Die Privatsender dagegen üben sich in kategorischer Zurückhaltung. RTL und ProSiebenSat.1 stellen zwar Archivmaterial zur Verfügung, aber zahlen wollen sie nicht. Dabei verspricht sich das Museum auch von dieser Seite harte Geldmittel: 30.000 Euro pro Jahr. Auch das wäre ein schmerzhafter Kompromiss: Vor vier Jahren wollten RTL und ProSiebenSat.1 freiwillig noch jeweils ca. 130.000 Euro jährlich beisteuern. Die Krise auf dem Werbemarkt hinterließ offenbar deutliche Spuren.

Zwar ist der Museumsbetrieb bis zum Jahr 2012 durch das Veolia-Engagement gesichert, doch zeigt sich schon jetzt, wie schwach das Museum auf der Brust ist: In der Programmgalerie, in der wichtige Archivalien der Fernsehgeschichte bereitstehen sollen, werden viele Stücke fehlen, weil zu wenig Geld für den Rechteerwerb da ist. Obwohl die Verwertungsgesellschaften vor Jahren grundsätzliche Bereitschaft für eine pauschale Rechteabgeltung gezeigt hatten, wurde nicht in diese Richtung verhandelt – ungeachtet der immer stärkeren Position der Produzenten gegenüber den Sendern, will sich das Museum nicht im Klein-Klein individueller Rechteverhandlungen verlieren.

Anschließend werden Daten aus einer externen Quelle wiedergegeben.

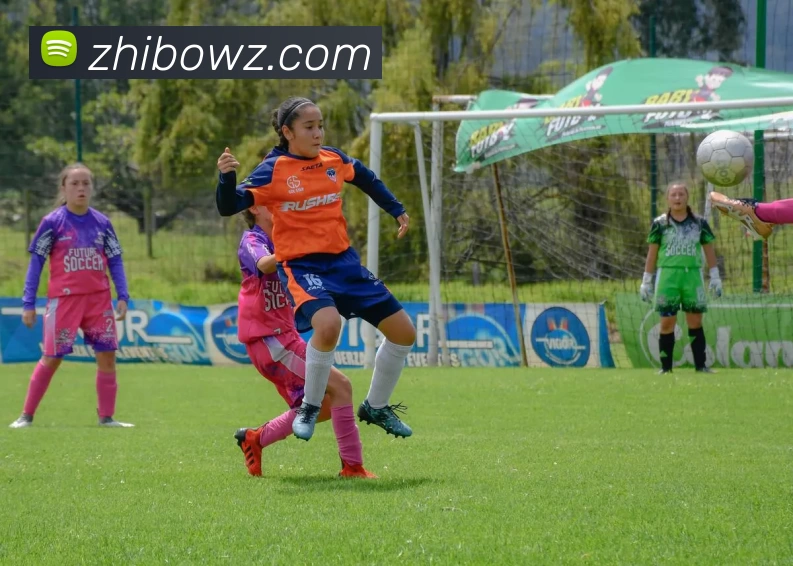 kaiyun平台生态图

Welche Folgen das haben kann, zeigt sich schon jetzt: Ein Straßenfeger von 1960 wird nur deswegen fehlen, weil bloß einer der vielen Rechteinhaber für die Vorführlizenz etwas mehr als nur einen symbolischen Betrag haben wollte. Der Titel des Films: „Gentlemen bitten zur Kasse“.